We willen graag geloven dat de meeste van onze projecten een onderliggend element hebben. Interventie in ons begrip van het archief en het document is een vorm van reflectie die we vaak in onze werken implementeren.

'The Living Need Light' was een verkenning en een eerbetoon aan niet alleen de arbeiders die hun brood verdienen door gezinnen te helpen het leven te vieren op het moment van overlijden, maar ook aan de travestieten- en transgendergemeenschappen die die specifieke 'openbare ruimte' gebruiken die zich opent tijdens de traditionele uitvaartceremonie als middel tot expressie en verzet. We voelden dat de film, iets dat gezien kon worden als "document", op zichzelf moest ingrijpen. Als zodanig werkten we samen met de artiesten om momenten te creëren die de vorm ervan als documentaire uitdaagden, om elementen in te brengen die leunden op het fictieve en het superreële om deze film te laten draaien binnen de ruimte van verzet. Dat wil zeggen dat het zich moet verzetten tegen ofwel gelezen te worden als puur document of puur als fictie. Het moet bestaan ​​in een vergelijkbare liminale ruimte waarin de personages in de film voorkomen.

The Propeller Group, ‘Static Friction: Burning Rubber’ (videostills), 2012, enkelkanaals video, 1920 x 1080, 3:46 minuten (looped).

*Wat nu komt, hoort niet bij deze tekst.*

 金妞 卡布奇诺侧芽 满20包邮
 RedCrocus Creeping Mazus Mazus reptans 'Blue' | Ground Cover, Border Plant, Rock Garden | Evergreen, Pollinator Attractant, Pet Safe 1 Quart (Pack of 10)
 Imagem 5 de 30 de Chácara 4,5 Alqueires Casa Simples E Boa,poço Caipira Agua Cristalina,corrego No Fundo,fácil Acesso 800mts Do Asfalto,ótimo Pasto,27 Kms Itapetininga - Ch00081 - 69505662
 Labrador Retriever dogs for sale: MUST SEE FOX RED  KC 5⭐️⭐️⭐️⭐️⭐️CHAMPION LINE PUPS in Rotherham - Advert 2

Hoe denk je dat de vertogen en kritieken in je werken zouden kunnen helpen om de rest van de hedendaagse Zuidoost-Aziatische kunstscène te verlichten?

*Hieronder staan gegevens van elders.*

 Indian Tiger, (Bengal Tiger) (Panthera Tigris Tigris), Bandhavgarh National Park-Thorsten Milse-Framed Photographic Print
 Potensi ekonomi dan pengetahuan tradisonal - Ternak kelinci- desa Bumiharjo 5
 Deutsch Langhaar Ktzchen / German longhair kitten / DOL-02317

Het is een sprong voor ons om te denken dat we misschien een hand hebben in het verlichten van de rest van de hedendaagse kunstscene in Zuidoost-Azië. Dat klinkt als een behoorlijk gigantische taak. We hebben hoogstens de aandacht van een wereldwijd publiek getrokken naar een heel, heel klein deel van Zuidoost-Azië, namelijk Vietnam.

Wat zit er in de pijplijn voor het collectief in 2018 en daarna?

We ronden een bijna twee jaar durende reizende overzichtstentoonstelling van ons werk in de Verenigde Staten af. De tentoonstelling begon in het Museum of Contemporary Art Chicago en wordt in het voorjaar van 2018 in het San Jose Museum of Art in Californië afgesloten met een grote viering van een groot openbaar muurschilderingproject gemaakt met een oude medewerker genaamd El Mac. We werken ook aan een filminstallatie die we jaren geleden hebben opgenomen.

Meer informatie op the-propeller-group.com.

Dit artikel is geschreven voor AR18.


Software Testing Tutorials for Beginners (April 2024).